18th Nov 2009 | 15:56
A year can be a long time in football, something this reviewer, as a Notts County fan, knows only too well. But heck, who knows? This time next year, Sven-Goran Eriksson could be managing North Korea and our Meadow Lane ground could be razed to make way for a sausage factory. But then such unpredictability is what got us all hooked in the first place, right?
Conversely, a year in Pro Evo seems to fly by, and the results are sadly all too predictable. PES 2010 is barely distinguishable from the 2009 effort, which itself was only released in March - even the press release intended to trumpet this new instalment struggles a bit, eventually resorting to talking about things like how players now raise their hands to solicit a pass.
Although 2010 is the best PES on Wii almost by definition, veterans will likely find it a bit stale and cynical, and Konami's greed does a disservice to an offshoot that deserves to be remembered as one of the most memorable and innovative series to ever appear on Wii.
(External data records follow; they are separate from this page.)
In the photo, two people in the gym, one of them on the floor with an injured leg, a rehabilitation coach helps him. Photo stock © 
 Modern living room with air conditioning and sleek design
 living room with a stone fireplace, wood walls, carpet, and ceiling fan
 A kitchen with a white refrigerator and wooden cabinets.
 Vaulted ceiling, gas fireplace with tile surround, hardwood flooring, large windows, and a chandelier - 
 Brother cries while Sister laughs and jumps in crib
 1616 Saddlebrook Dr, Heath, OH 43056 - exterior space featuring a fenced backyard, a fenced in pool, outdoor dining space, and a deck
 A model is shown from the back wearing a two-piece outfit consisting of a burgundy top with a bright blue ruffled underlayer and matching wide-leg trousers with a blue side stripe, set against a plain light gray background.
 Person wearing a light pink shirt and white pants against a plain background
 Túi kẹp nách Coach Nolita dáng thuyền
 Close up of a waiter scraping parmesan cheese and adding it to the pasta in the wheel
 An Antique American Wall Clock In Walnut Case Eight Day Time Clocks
But you know what's really a kick in the face of Adebayor-like proportions? It's that Pro Evo Wii, for all its positive aspects, is a series that's firmly in need of a tidy-up, and this rushed follow-up hasn't been given the breathing space to deliver. Being able to conduct an entire team to glory by painting runs and passes onto the pitch is as wholesomely rewarding as it's ever been, but it continues to collapse under the weight of its own ambition at times.
Although the controls work well - certainly much better than they sound on paper, at least1 - they remain overly complicated, and it'll be quite some time before newcomers begin to have fun with the game - many might not even get that far.
Another issue Konami seem unable to address is the game's heavy bias towards attacking play. It's now easier to press the other team's attackers with your defenders, but it's still nowhere near as enjoyable to defend as it to attempt to thread intricate through-balls to your centre forward on the other side of the pitch.
Not only is defending not as much fun, but it's a difficult art to master, too - unless you've put the hours in to perfect your zonal marking skills, the vast majority of experienced online opponents are going to chew you up and spit you out.
On a positive note, free-kicks have been reworked for the better. Added spin and direction can be applied by tilting the remote left or right, and if the setpiece taker is skilful enough, you can hit a 'knuckleball' shot that bobbles and changes direction in mid-air, leaving the keeper clasping at empty air.
PES on Wii as a series is so unlike anything that's ever come before it that it's worth owning a copy even if you own a version of PES on another console. But as good as it may be, this lazy update suggests that Konami are really struggling to kick things on from here.